- INFORMATION SHOWN -

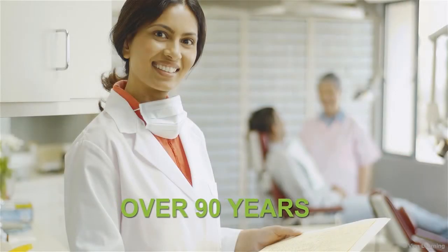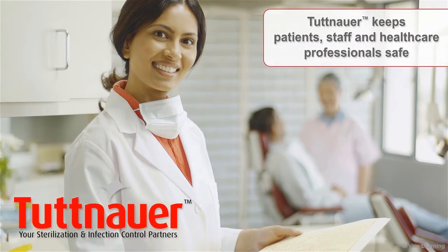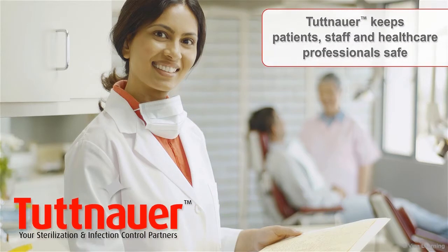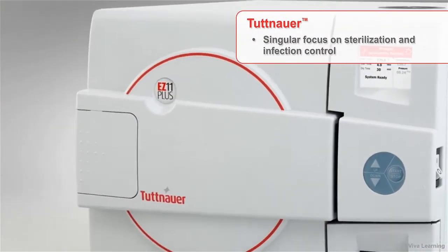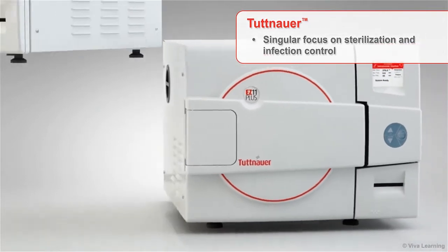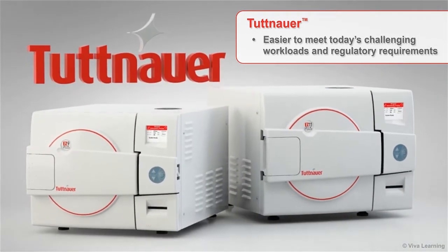For over 90 years, healthcare professionals around the world have relied on Tuttenauer to help them keep their patients, staff, and themselves safe. They know that Tuttenauer's singular focus on sterilization and infection control results in products that make it easier for healthcare professionals to meet today's challenging workloads and regulatory requirements.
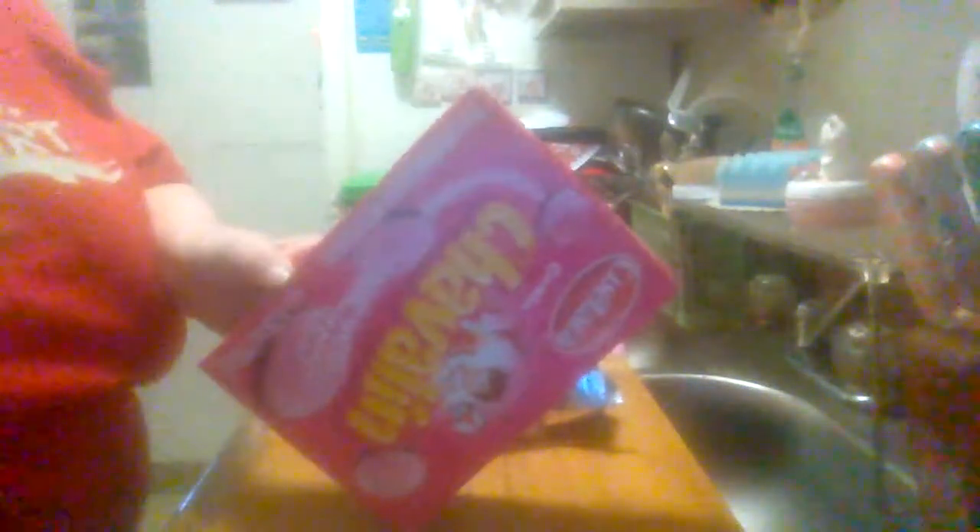This is about three to five servings per container. Serving size three pieces. Calories 130. Total fat three and a half grams, saturated fat 2. Sodium 115. Total carbs 23. Dietary fiber less than one. Total sugars 10, includes 10 added sugars. Protein 2. Calcium 4. Iron 1.34. Potassium 49.90.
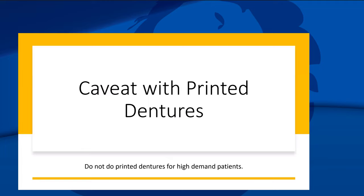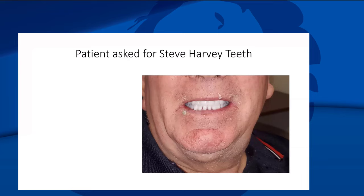One thing to say: don't do printed dentures for high-demand patients. Every now and then I get a patient who really wants things to be perfect. I had a patient come in telling me he wanted 'Steve Harvey teeth' — zero-one-zero teeth. For him I don't make a printed denture. I charged him the full fee — about $4,500 for a set of dentures — made him a one-month healing set, gave him Steve Harvey teeth, and he was happy. When patients want high-end, don't do printed. That's my only caveat.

- WHAT YOU NEED TO DO -
Please set down the whole listing above exactly and skip every picture.

- REPLY -
For over 90 years, healthcare professionals around the world have relied on Tuttenauer to help them keep their patients, staff, and themselves safe. They know that Tuttenauer's singular focus on sterilization and infection control results in products that make it easier for healthcare professionals to meet today's challenging workloads and regulatory requirements.
This is about three to five servings per container. Serving size three pieces. Calories 130. Total fat three and a half grams, saturated fat 2. Sodium 115. Total carbs 23. Dietary fiber less than one. Total sugars 10, includes 10 added sugars. Protein 2. Calcium 4. Iron 1.34. Potassium 49.90.
One thing to say: don't do printed dentures for high-demand patients. Every now and then I get a patient who really wants things to be perfect. I had a patient come in telling me he wanted 'Steve Harvey teeth' — zero-one-zero teeth. For him I don't make a printed denture. I charged him the full fee — about $4,500 for a set of dentures — made him a one-month healing set, gave him Steve Harvey teeth, and he was happy. When patients want high-end, don't do printed. That's my only caveat.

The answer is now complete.